Immortalized in marble or bronze, national heroes were put on a pedestal in order to stimulate feelings of communal solidarity and/or superiority. Considered neutral and impartial, statues were supposed to convey incontrovertible information about the past. The history of every people in that interpretation is written in its monuments.
Today, such assumptions are no longer acceptable. Rather than set in stone, history is a living discipline subject to evolution and revision. Statues do not tell some immutable truth. Instead, they symbolize fixed ideas of a specific community at a particular moment in time regarding its “glorious” past.
Monuments more often than not present a controversial perspective. Disagreements about the commemorative presence of Cecil Rhodes in Oxford or that of Confederate figures in American cities underline the sharp divide between competing visions and interpretations of history.
Bust of Confidence
In 1878 a bust of Giuseppe Mazzini was unveiled in Central Park’s Sheep Meadow. It was one of the early examples of public statuary in New York. A decade later, on the sixth anniversary of his death, Giuseppe Garibaldi was memorialized with a bronze statue in Washington Square Park, Greenwich Village. As many New Yorkers would never have heard of these Italian patriots, why were their statues granted such a prominent presence in the city?
During four decades of unrest in the Italian territories, many artists supported the rebels. Odoardo Borrani belonged to a group of Florentine artists that shared the socio-political aims of the Risorgimento and acted as its cultural counterpart. In 1863 he painted a group of women sewing Red Shirts for the volunteers (Cucitrici di camicie rosse). Other artists took up weapons. Born in Verona in May 1841, sculptor Giovanni Turini joined the Fourth Regiment of Garibaldi’s volunteer army to fight in the war against Austria in 1866. He moved to New York in the late 1860s, settling in the metropolis just before the arrival of Carlo Barsotti.
At twenty-two years of age, the latter had left his native Pisa in 1872. Eight years later he co-founded Il Progresso Italo-Americano which became New York’s largest foreign-language daily newspaper in circulation. In an editorial, the founder pressed his readers to “rise and walk towards the highest hopes that might smile at the emigrant in America.” His aim was to increase the visibility of his immigrant community outside its marginalized enclave (Little Italy) and boost its pride.
One means of achieving this end was to provide memorials of Italian heroes. It was Giovanni Turini who was commissioned to create the statues of Mazzini and Garibaldi. Barsotti later raised funds for the construction of monuments in honour of Christopher Columbus (Columbus Circle, 1892), Giuseppe Verdi (between Broadway & 73rd Street, 1906), Giovanni da Verrazzano (Battery Park, 1909) and Dante Alighieri (near Lincoln Square, 1921).

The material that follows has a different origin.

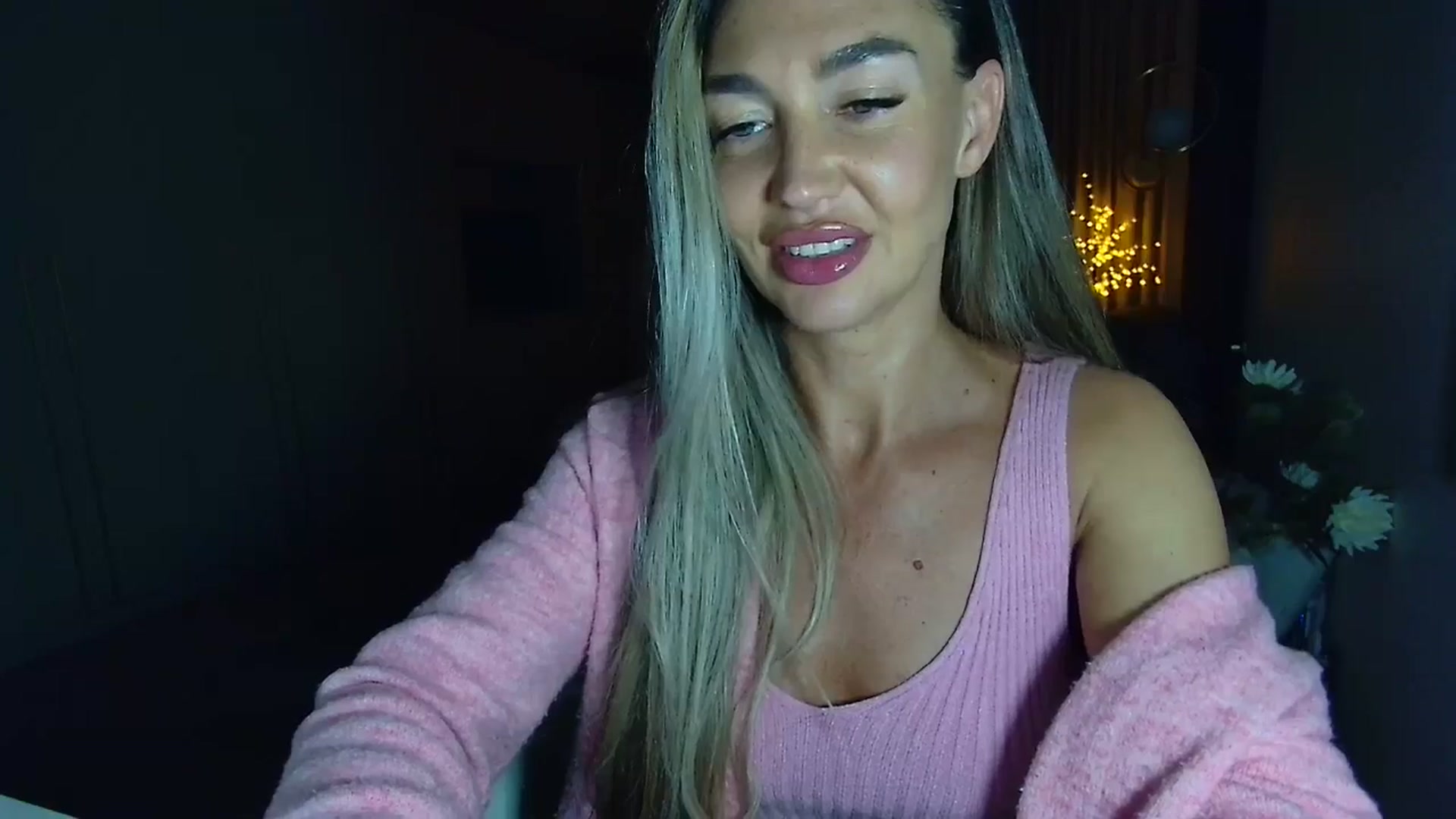 Gallery image thumbnail from Mystery_C's myfreecams stream on, 04/09/2026, 22:01 image 5 of 20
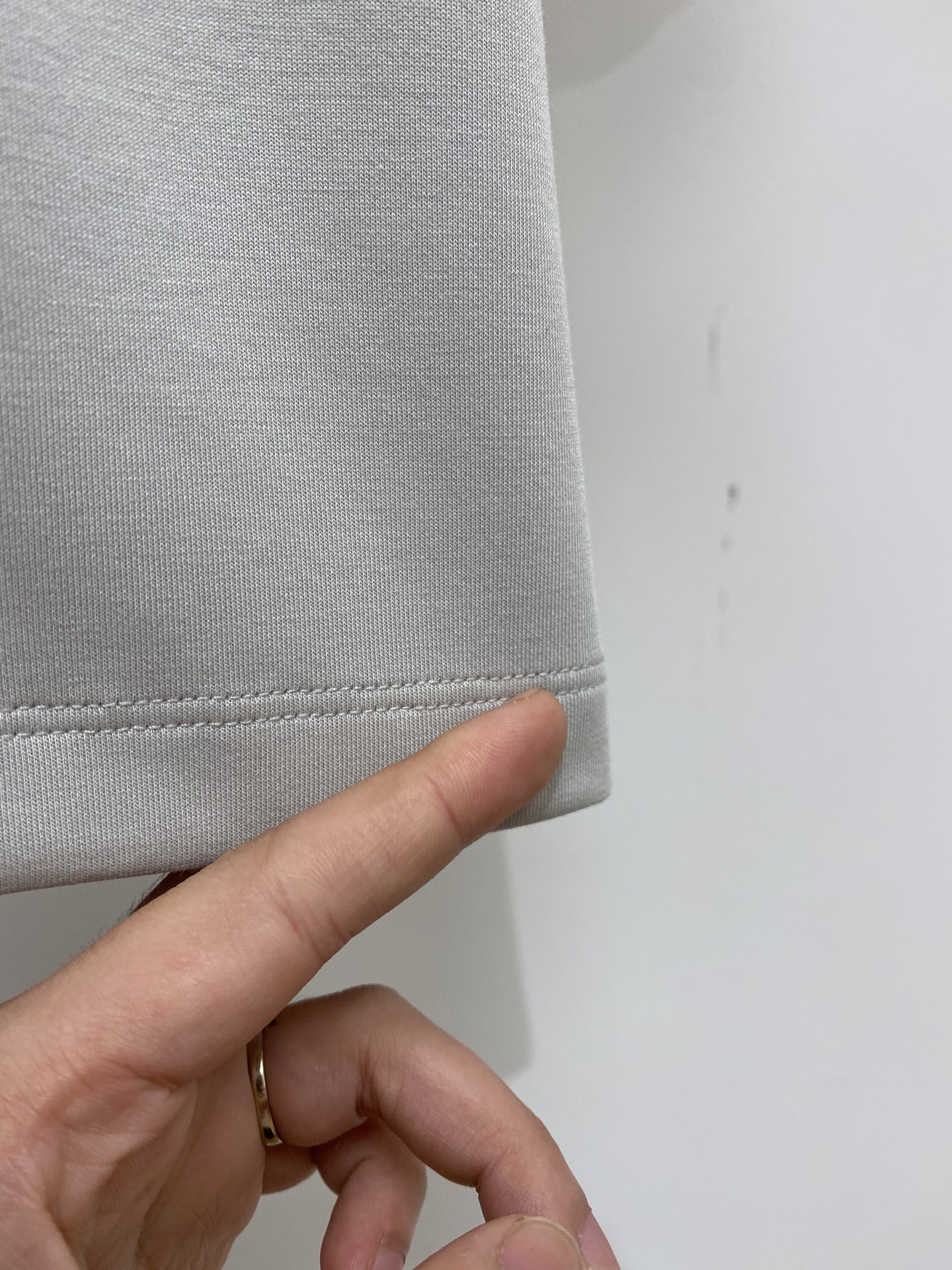 Brunello Cucinelli、2026新品短袖T恤，帅气时尚，胸前设计凹凸印胶图案logo，简约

These statues served as “promptings” to fellow city dwellers delivered by an expanding community of newcomers that continued to grow in stature and influence. Reminders of a proud past in the country of origin was meant to give additional weight to its migrant status.
Illustrations, from above: Bust of Italian Patriot Giuseppe Mazzini (Central Park West Drive at 67 Street) by Giovanni Turini; Giuseppe Garibaldi statue in Washington Square Park, Lower Manhattan, 1888 by Giovanni Turini; the Garibaldi-Meucci Museum at 420 Tompkins Avenue, Staten Island; Cucitrici di camicie rosse, 1863 by Odoardo Borrani (Sewing Red Shirts for the volunteers; private collection); and Carlo Barsotti’s daily newspaper Il Progresso Italo-Americano published in New York from 1880 to 1988.
peter Waggitt says
An interesting perspective and again learned quite a bit from you Jaap. You always say that history is a perspective and more likely the perogative of the victors. This essay proves that more than most.